Quebec has a new solution in mind to fill its much-discussed nurse shortage after the pandemic: to headhunt around the globe.

Recruitment missions are set to take place in France, Belgium, Lebanon, Brazil and northern Africa, a provincial spokesperson said Tuesday.

The health ministry hopes the effort will fill more than 4,000 empty jobs that various regions have already identified, said spokesperson Marjorie Larouche.

Each year, Quebec's health districts or CIUSSSes send lists of jobs to a centralized agency that handles international recruitment, called the CSQ.

For the 2021-2022 staffing year, the agency "received more than 4,000 mandates from 28 health and social services establishments" across the province, Larouche wrote.

They weren't all for nurses, but the majority of the requests were for nurses, social workers, speech therapists and medical physicists, she said.

Quebec's health minister, Christian Dubé, has frequently said in the last month that the province is already lacking about 4,000 nurses.
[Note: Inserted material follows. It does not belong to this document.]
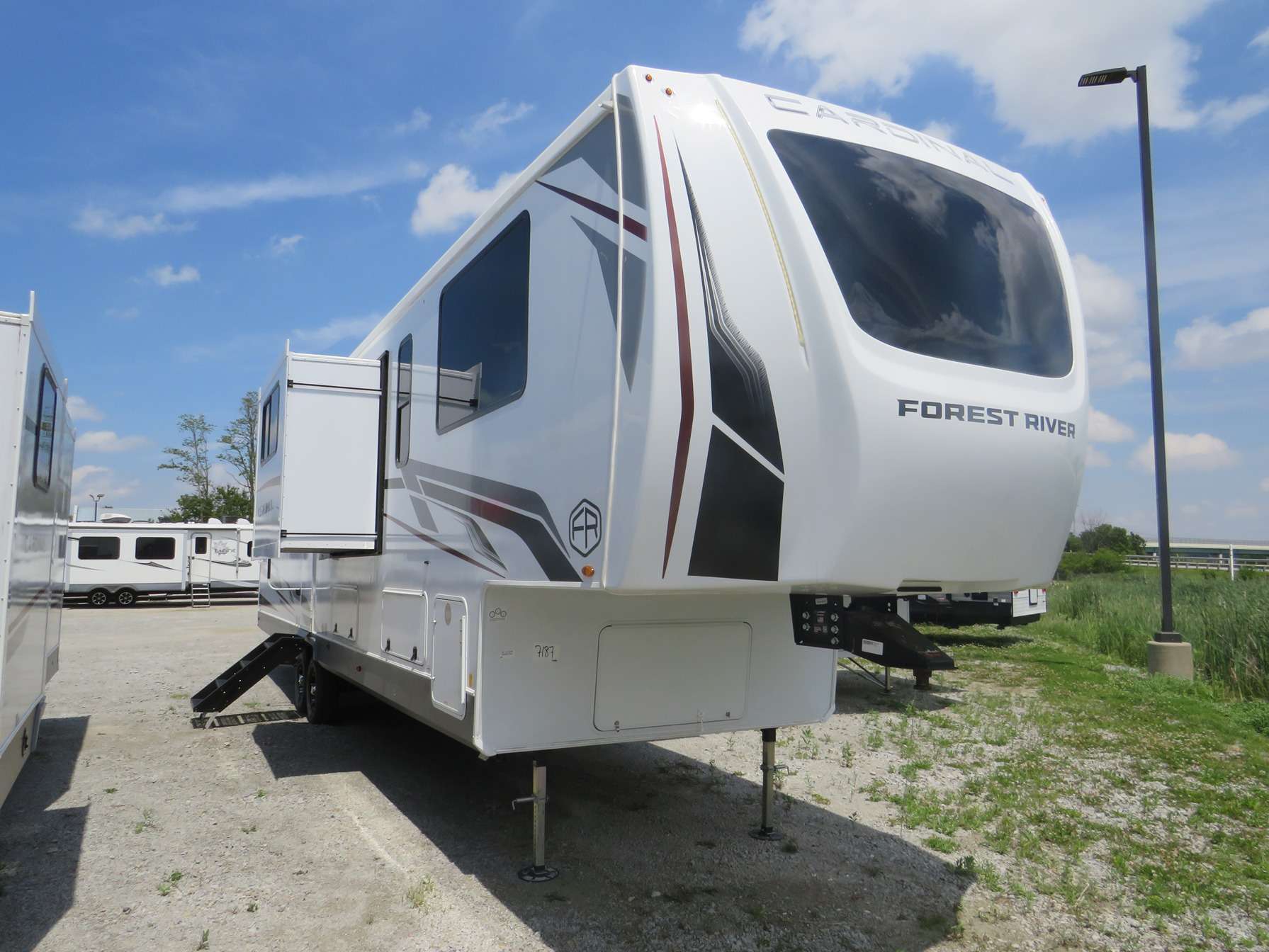 2026 Forest River CARDINAL 37GALLEY in wilmington OH
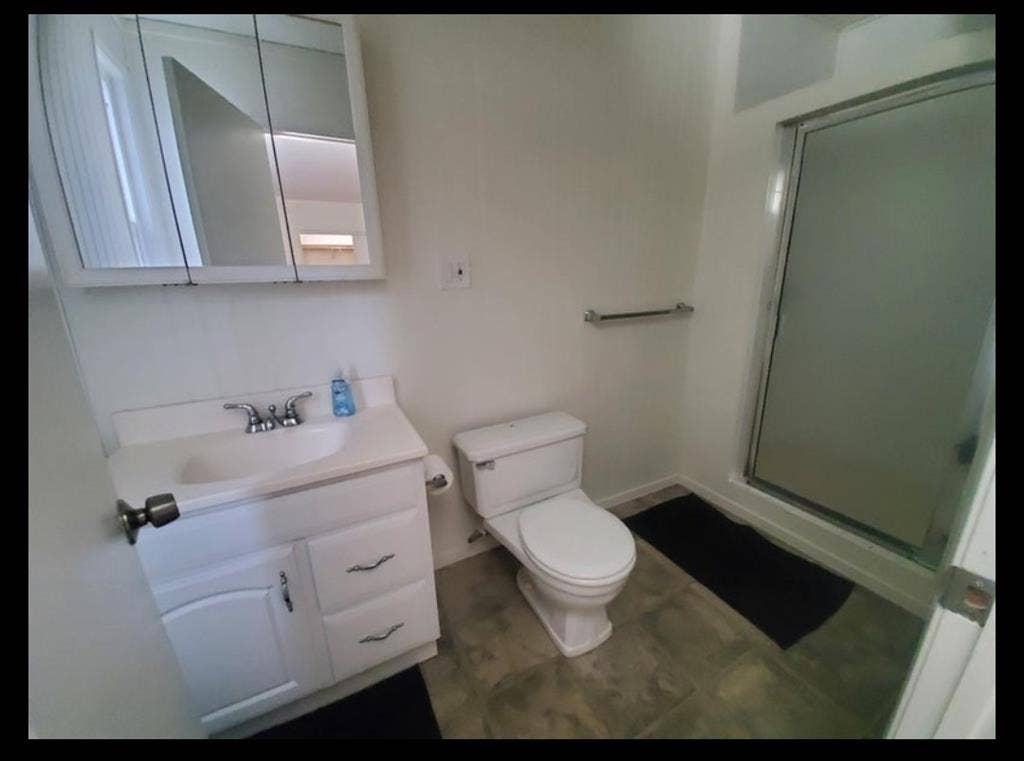 Large Master Bedroom with Ensuite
That's true before the vaccine mandate takes effect this Friday, which is expected to decrease the workforce by thousands more as unvaccinated nurses are suspended.

The province is dutifully going abroad to help find the requested workers. However, it's important to remember that there's a big gap between what's needed and how well that can be filled from global recruitment drives, said Larouche, especially when there's a need for speed.

Recognizing international diplomas, especially in the medical field, is often an infamously long process.

"It is very important to specify that this is the wish of the establishments, but that the assessment of needs and feasibility is still in progress," Larouche wrote in a statement.

"It must take into account the potential of candidates available abroad, but also the feasibility of the administrative immigration procedures and the recognition of the diploma."

The process to recognize foreign nursing credentials is so strict that many internationally trained nurses already living in Quebec last year still weren't able to help out with minor jobs in the pandemic, despite efforts to fast-track part of that process. 

That included nurses who immigrated to the province under labour streams specifically geared for nurses. 

Each health region is also responsible for many aspects of integrating these potential recruits into their workforces and keeping them on staff, Larouche wrote on Tuesday, again warning that this is another reason not to overestimate how much global recruitment could help.

The feasibility assessment "should also take into account the capacity of establishments and regions to accommodate these international workers, since their integration requires essential conditions to promote retention," she wrote.

One problem in the past with recognizing foreign nursing diplomas has been a bottleneck in college programs meant partly to teach the foreign nurses French.

The current planned recruitment missions may help with this, as it appear to focus on French-speaking countries, with the exception of Brazil.

The province said it was including "the Maghreb countries," which means French-speaking North Africa: Algeria, Libya, Mauritania, Morocco and Tunisia.